Under Mazzone, Tate needs to “become surgical” as a passer, Roth said. “Can he do that?”

It’s a great question. Tate is naturally accurate and completed 62 percent of his passes as a sophomore. But whether it was Rich Rodriguez’s offense or the way plays evolved, Tate didn’t complete many balls in what Roth labels the “intermediate passing game.” Those are throws in the 10-to-18-yard range in the middle of the field that are sometimes the second or third read in a pass play’s progression.

Can Tate do that? Having been around Mazzone and studied his offense for years, Roth believes the veteran coach is the right man to tutor the talented young QB. Mazzone has coached in college and the NFL for nearly 40 years.

Quarterbacks he has helped develop include Osweiler, Hundley, Rosen, Philip Rivers and Jason Campbell.

“Noel is one of the best quarterback-builders I’ve ever seen in college football,” Roth said. “He’s been at every level. He’s been around big and various types of personalities.

“Quarterbacks take up a lot of space in the room. His personality … he’s that guy. If you meet him, you sense it instantaneously. He can talk to anyone. He’s been around the game enough to where he takes it seriously, but it’s not life or death. For quarterbacks, that allows them to play freely.”

Tate flourished under previous position coach Rod Smith and Rodriguez, who had something of a good cop/bad cop dynamic. Special-teams coordinator Jeremy Springer, who worked with Mazzone the past two seasons at Texas A&M, said Mazzone is “not the type of coach who’s going to be all over everybody.”

But Mazzone still demands excellence, and he seems to have a knack for coaxing it out of quarterbacks no matter their playing style or personality type.

He even helped the high-strung Springer, who was a quality-control coach with the Aggies. Thanks to Mazzone, Springer learned to “chill” on occasion.

“Things happen for a reason,” Springer said when asked what he’d learned from Mazzone. “Relax. Don’t feel so anxious about everything.”

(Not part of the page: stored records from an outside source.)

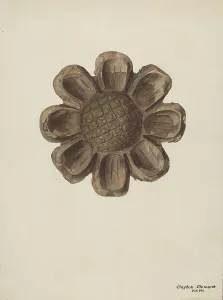 Clayton Clements Prints: Wood Carving - Flower, c. 1939. Creator: Clements Clayton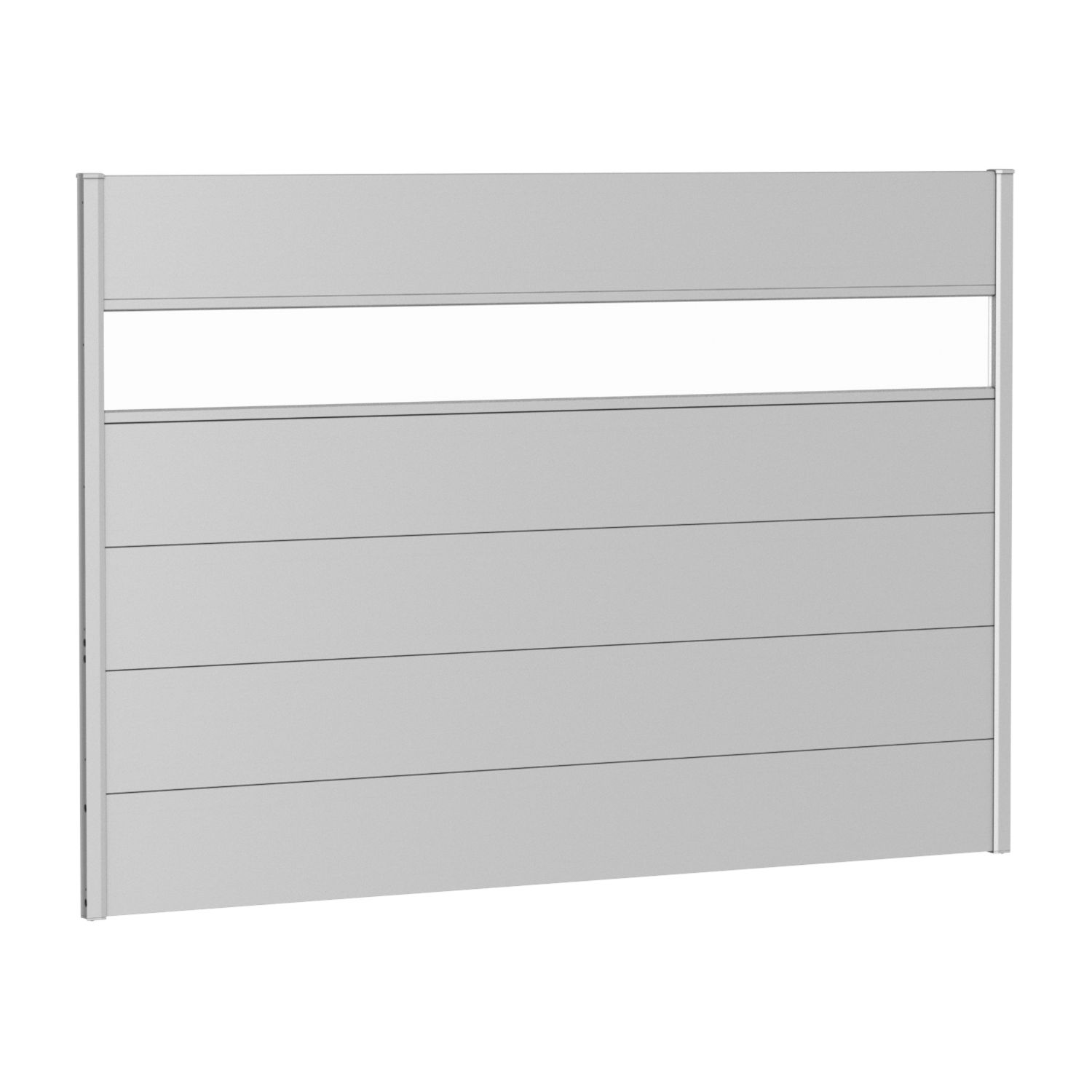 Biohort Sichtschutz Metall mit Lichpanell silber-metallic Gartenzaun Windschutz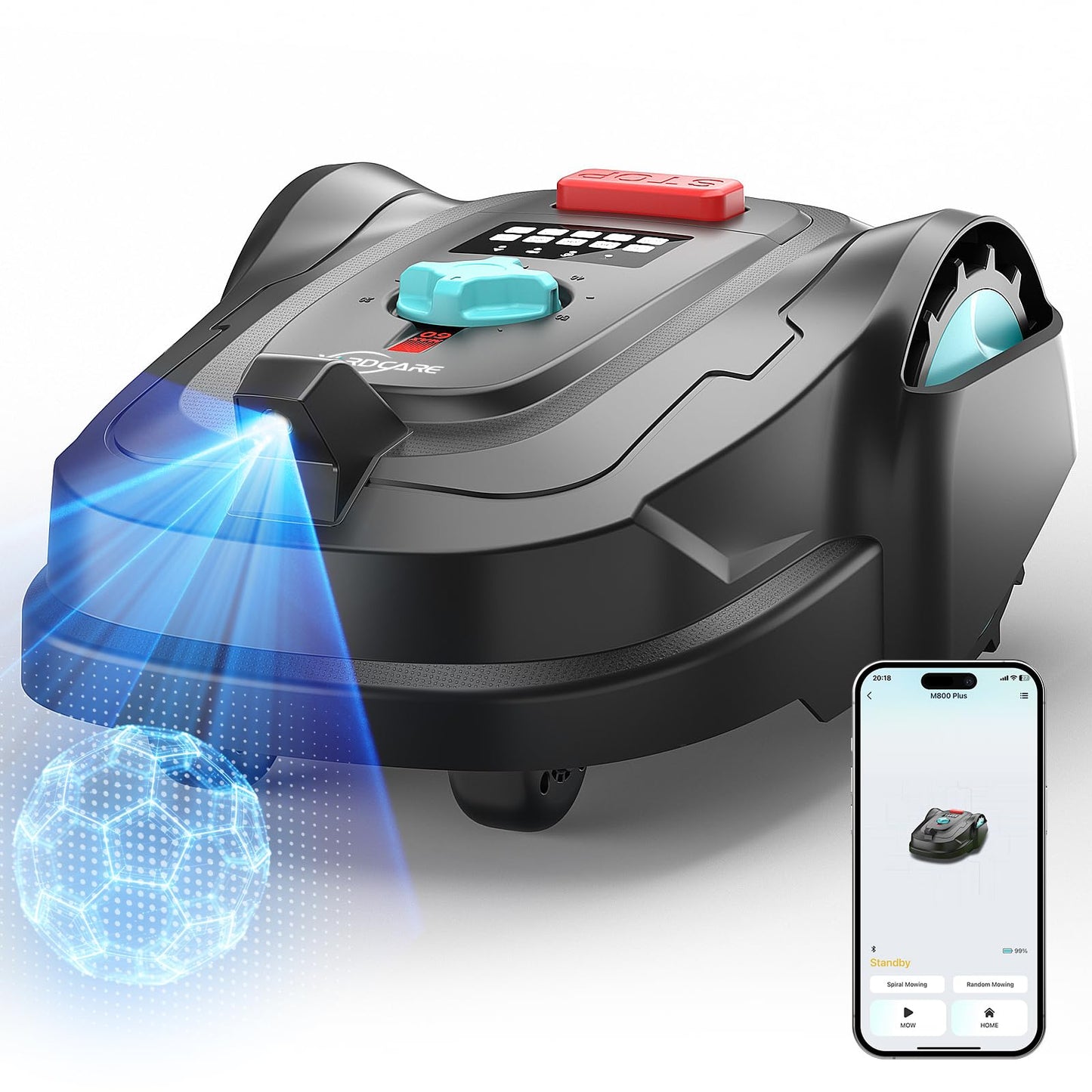 YARDCARE Mähroboter M800Plus ohne Begrenzungskabel, 800m², GPS+KI Vision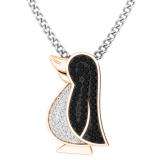 0.25 Carat (ctw) 18K Rose Gold Round Black & White Diamond Penguin Pendant 1/4 CT (Chain Included)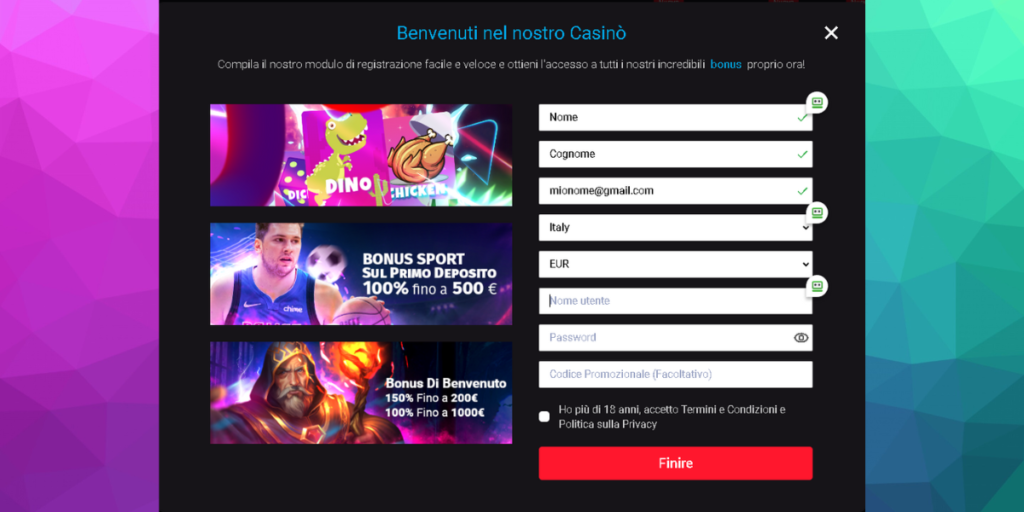 conferma i dati su Mystake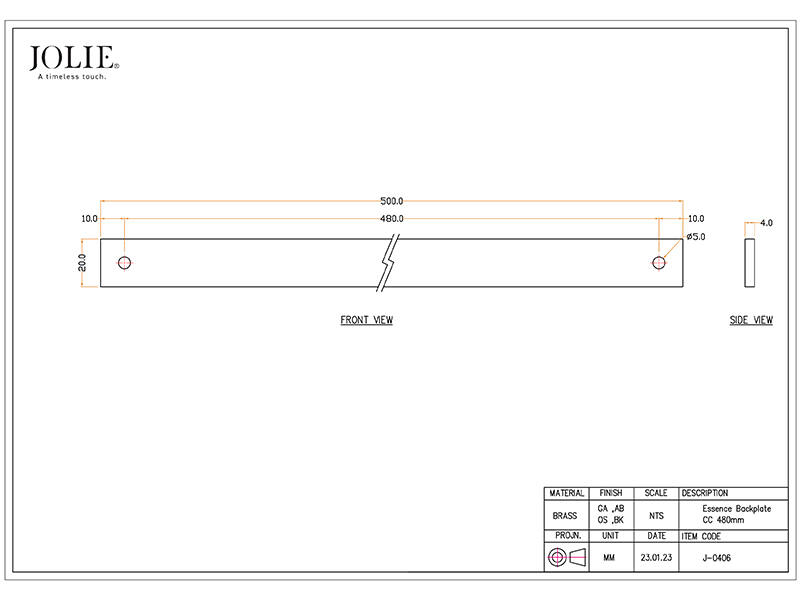 Achterplaat voor meubelgreep Essence Messing 490mm, hoh 480mm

The coaching staff as a whole is taking a wait-and-see approach this spring, using the 15 practices to assess the incumbent players before making any firm decisions about schemes and roster construction. Mazzone and Sumlin know what they want in a quarterback. Mazzone’s starting points are passion and energy. Sumlin is seeking someone who’s smart, makes good decisions, can communicate and throws with accuracy.

Like Mazzone, Sumlin has succeeded with a variety of QBs. Case Keenum passed for more than 5,000 yards three times under Sumlin at Houston and never rushed for more than 221. Freelancing Johnny Manziel ran for 1,410 yards and 21 touchdowns when he won the Heisman Trophy as a redshirt freshman at A&M in 2012.

“We’re going to tailor the offense to what a guy can do,” Sumlin said. “We’ve won with different kinds of guys. For where we are right now, we’re pretty flexible offensively.”